We were quite saddened though. Mistress and I like to do Dartmoor Letterboxing (Jasper liked it loads. I do too but I'm not yet as good as he was, but this was only my second time) and she owns TWO letterboxes. One was not too far from Haytor, above (well, a couple of miles away, but close enough), overlooking Bovey Tracey in the valley below and the house in which Mistress's late great-aunt lived (and she really WAS, from what I have heard, great in every noble sense of the term), in her memory - called "Auntie Win" (her name was Win Snow) - and another on a different part of the moor commemorating Jasper's late predecessors Jaki (a Jack Russell, but not a Parson one like me) and Tess (Tickle) called "The Gold of Friendship" (the stamp featured the profiles of both girls and the legend "The Gold of Friendship is a Wonderful Thing - The More We Spend it on Each Other, the Richer We Become").

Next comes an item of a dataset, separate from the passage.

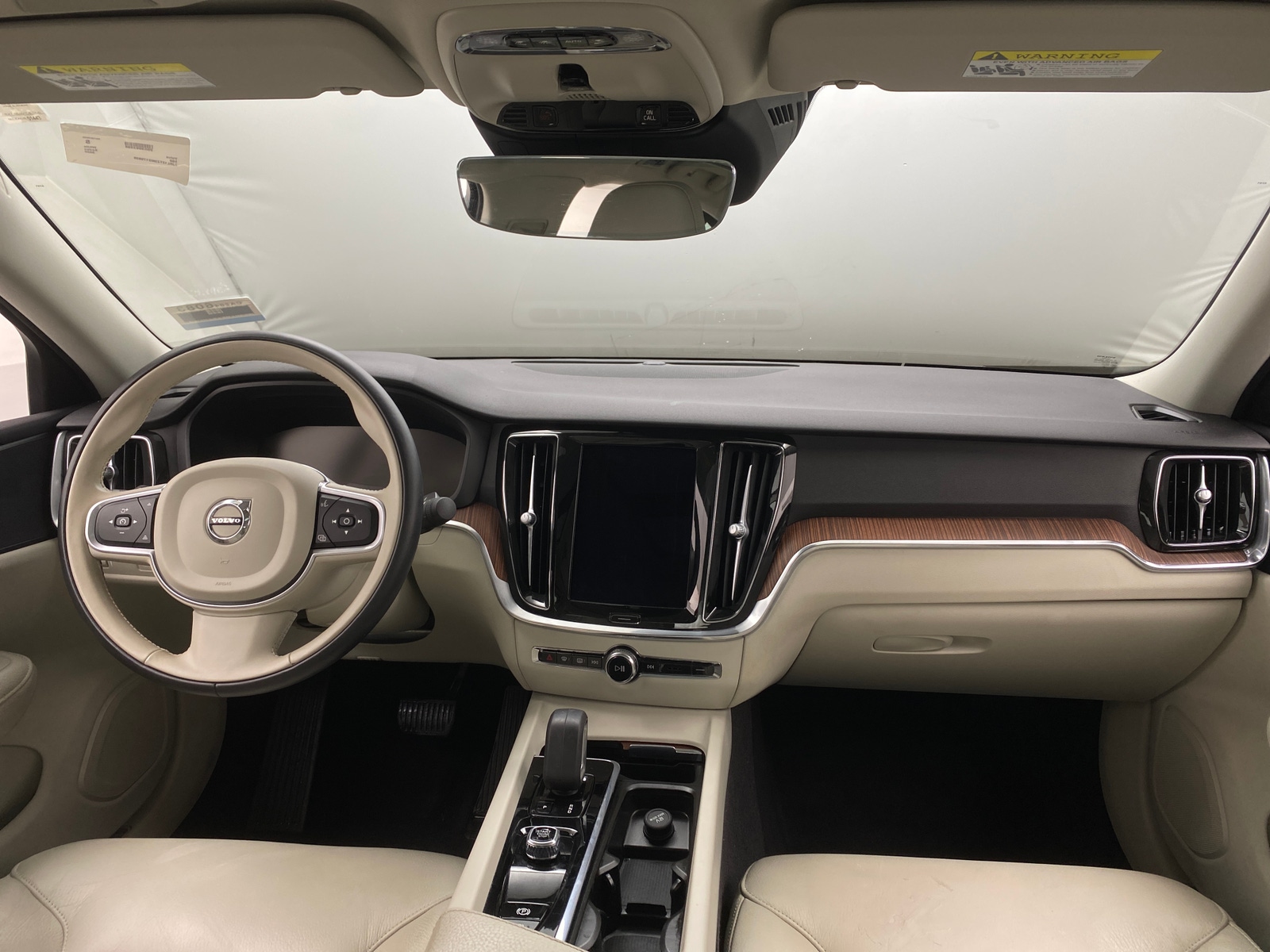 Thumbnail: 2022 Volvo S60 - 2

Alas, BOTH have been stolen. A sadness.

Better fun shall follow....

Byeeeee! Love from Gisèle x

Monday 28 October 2013

Saturday 26 October 2013

A lengthy absence.  Did you think we had all disappeared from the face of the Earth?!  And Gisèle only having done one entry of her holiday diary too...

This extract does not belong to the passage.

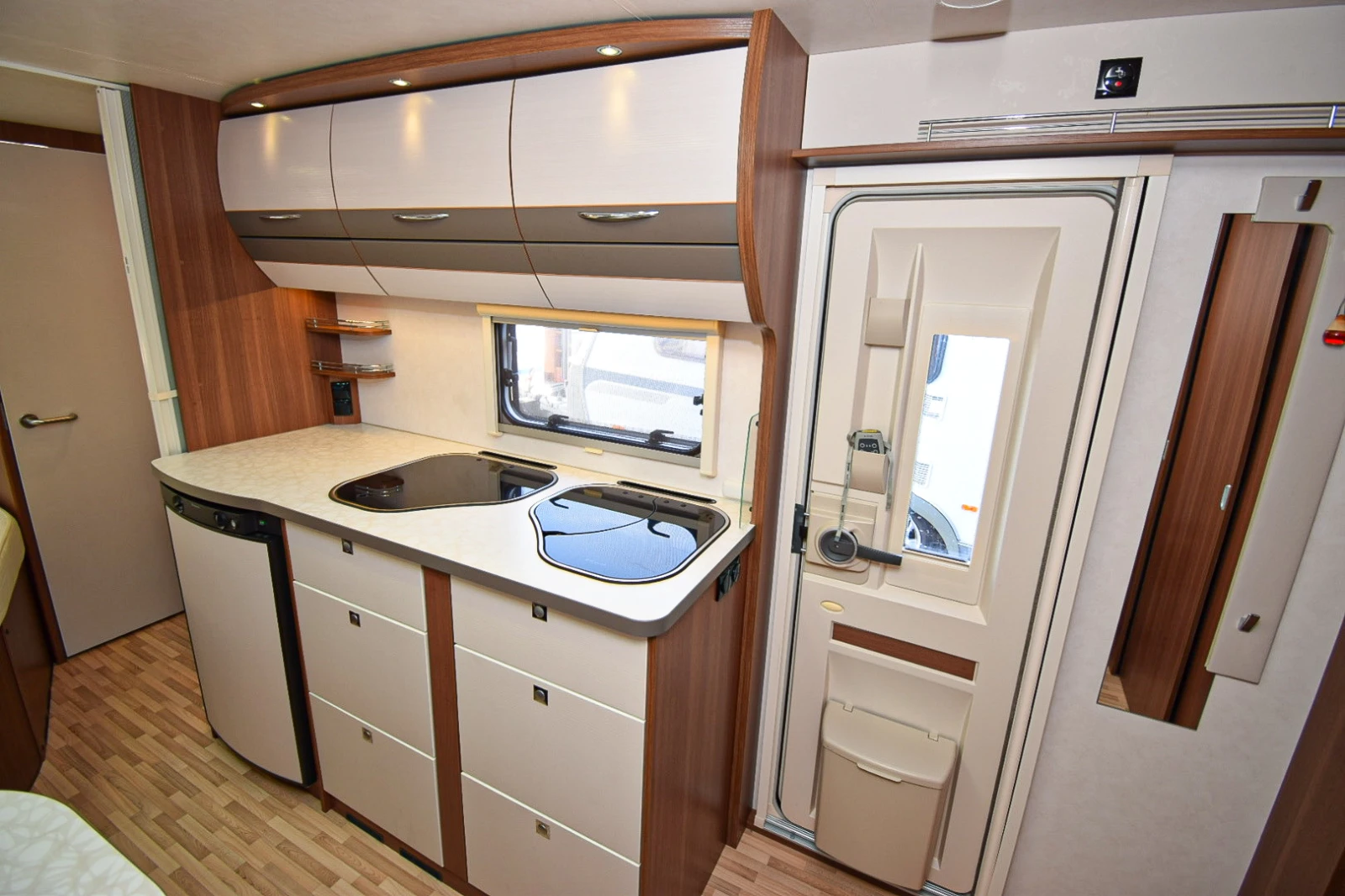 Каравана LMC Munsterland Vivo 522 K, снимка 14 - Каравани и кемпери - 55002300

I cannot explain our silence without being unacceptably indiscreet.  Gisèle is unable to maintain discretion, so she has not been told of the circumstances - and it is hard to explain without revealing too much.  Suffice it to say that my partner recently appeared in a public broadcast under an assumed name.  It had a profound effect on the audience and spiralled outwards (continuing to do so on some forums).  A further statement on the same programme; some attention from a tabloid newspaper and the attention of a UK Government Department.  My partner has stopped reading the online comments and debates - the majority are very touching and supportive.  Some, however, are downright unpleasant (probably courtesy of the online flamers and trolling communities) and are not worthy of a second glance.

This is all I will trust myself to bark.  There is much tiredness in this house, as huge storms afflicted our area last night - 99mph winds and torrential rain; the worst storms seen in this country since 1987.  Betty and Gisèle had to help my partner pull branches off the Gizmobile and out of the road so that they could go to work this morning...  All safe and well though, which is the main thing.

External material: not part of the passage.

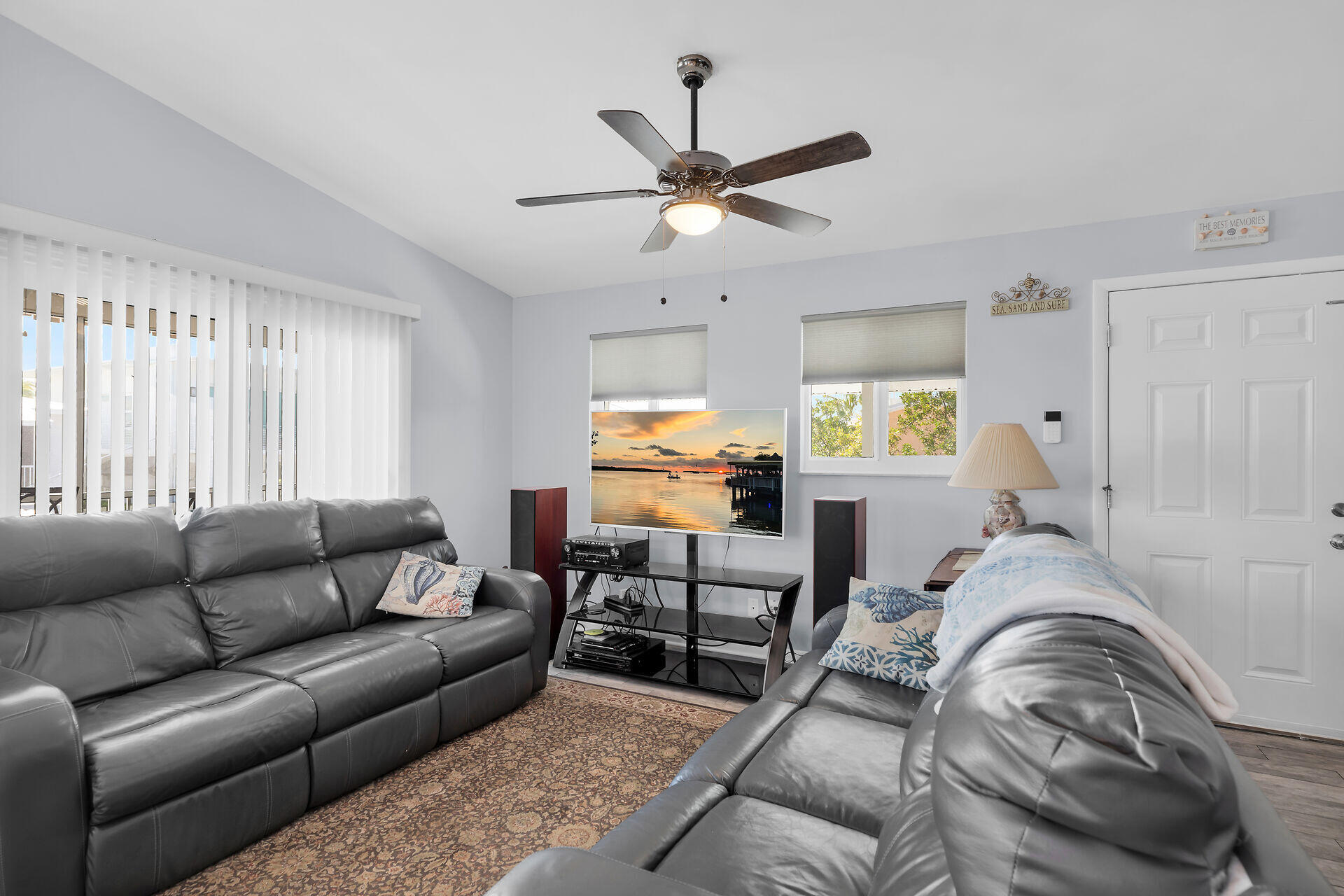 119 Primrose Lane Long Key, FL 33001 - Photo 14 of 43 Living area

Barking of which, please see the image below from our friends at TheUncommonDog and keep safe this weekend...

...and I apologise for being vague...

Copyright All rights reserved by The Uncommon Dog



I told Gizzles that she should step up and write the second entry of her holiday diary - but she is tired, having been kept awake by the storm last night and woken early by the sound of chainsaws this morning.  Quite apart from that, Betty has rejoined us for the week and the two girls are playing and capering like nutters.  She says she will post it up tomorrow.  Hmmm... my hopes aren't high...

Good evening to you, nonetheless...

Thursday 10 October 2013

Thursday 10 October 2013

A lovely, sunny, Autumn day this past Sunday - so much so that the French Windows stayed open for most of the day.

Gisèle basked in the golden warmth whilst my partner constructed in the garden the hedgehog house (or toad house, depending on who moves in first). It consists of two"walls" of cut wood and sticks, with planks for a roof and a small entrance (to hopefully deter the cats). The rear wall is the stump of an elder tree, which was sawn down when my partner and I moved in and the gaps have been plugged with moss and earth. Hopefully the hedgehog who benefits will show his gratitude by eating the slugs in my partner's border next spring, in one of those symbiotic relationships that exist 'twixt human and beast. The opening of the little shelter looks out on my holly tree and memorial cross.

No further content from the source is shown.